Enjoying the peace and quiet at the Olive Farm
Dear Friends,
It is the last day of April. I am at my desk looking out onto more blossoms than I have ever seen here before. It is a riot of colour and a joyous expression of nature’s determination to live and procreate.
Our “confinement” will due to ease in twelve days from now. It will be a gradual and cautious process, which I fully support. Michel and I intend to stay here and respect the rules we are following now, except we will not be obliged to print out an attestation, stating our purpose for outing every time we venture beyond the gates. In my case, I have only left the property three times in seven weeks.
We are amongst those who are blessed during these very challenging times. We have land and we have each other and our dogs. For those of you who are alone or who are closed within a confined space, I hope that you are managing to find ways to cope with this. Reading is, of course, a way to travel, to take your imagination on a journey. I have been receiving so many emails from readers who have been enjoying accompanying me along the paths of discovery in my two Olive Route books (The Olive Route and The Olive Tree). Others prefer to lose themselves in novels. Most of mine are set in France or exotic locations so there’s a splendid destination to discover. It comes with the price of the book! I have been reading a great deal myself and walking up and about the land. Swimming, too. Otherwise, I have been spending quite a fair bit of time at my desk.

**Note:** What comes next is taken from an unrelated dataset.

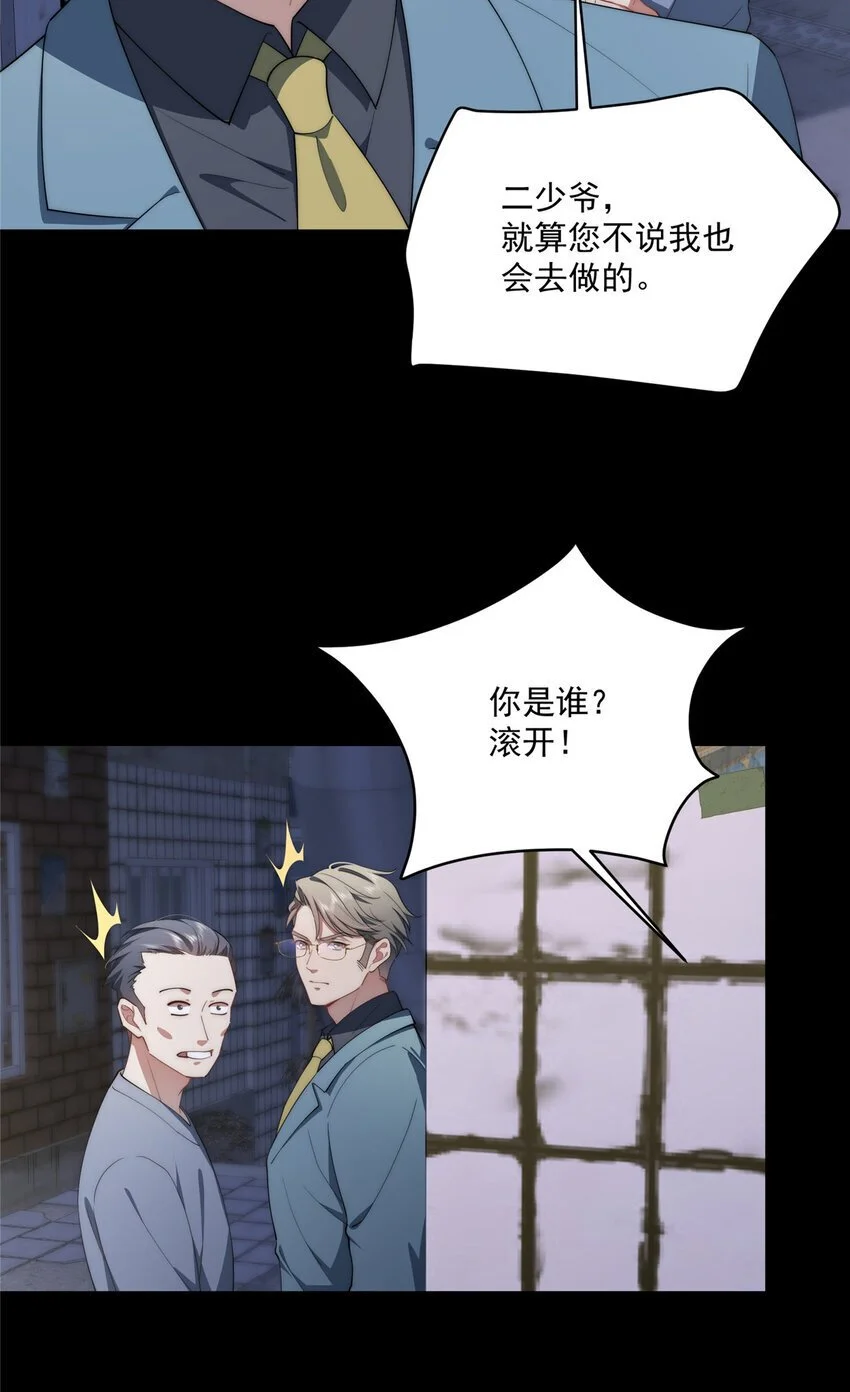 67 初哥楚戈的初战19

Since I last wrote, at Easter, I have read Jenny Colgan’s An Island Christmas. It is the most recent of her Isle of Mure novels and as light as a feather in the best sense. A feel-good read. The Museum of Broken Promises by Elizabeth Buchan is a love story set in Paris and 1985 Prague. It is an unusual tale of love and life behind the Iron Curtain.

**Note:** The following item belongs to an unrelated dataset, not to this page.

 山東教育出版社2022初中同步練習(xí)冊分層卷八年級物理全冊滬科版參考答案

A must-read for me has been Edna O’Brien’s Girl. I read it twice at the beginning of the year for a literary festival award whose judging panel I had been invited on and I have returned to it recently for my own reading experience. It is not a light read but the writing is exceptional.
I am just commencing Warlight by Michale Ondaatje, set during WWII in the UK.

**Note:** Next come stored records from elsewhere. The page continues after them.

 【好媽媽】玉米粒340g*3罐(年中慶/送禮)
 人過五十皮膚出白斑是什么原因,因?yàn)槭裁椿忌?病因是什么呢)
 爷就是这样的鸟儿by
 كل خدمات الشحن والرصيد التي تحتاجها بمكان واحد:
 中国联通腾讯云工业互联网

I have not been watching many films and no television at all. I don’t precisely know why because I LOVE watching movies in the comfort of home, but the silence of the page and my interaction with the written word feels more suited to this time. I did watch Phantom Thread a couple of nights ago. Directed by Paul Thomas Anderson, it is set in the world of haute couture in the 1950s, so lots of extravagant frocks! There are two wonderful central performances from Daniel Day-Lewis and Lesley Manville. The photography is beautiful. I recommend it.
So, talking of frocks, our land has been dressed in the richest of colours with choruses of birdsong – few cars and no planes in the sky – to heighten the joy of being out of doors. The swallows have arrived, our short-toed eagles are circling overhead, I thought I heard a nightingale yesterday evening. We are planting fruit trees: cherries, almonds, mandarins and oranges. The avocado I grew from stone is bursting with small blossom and the olive flowers are opening.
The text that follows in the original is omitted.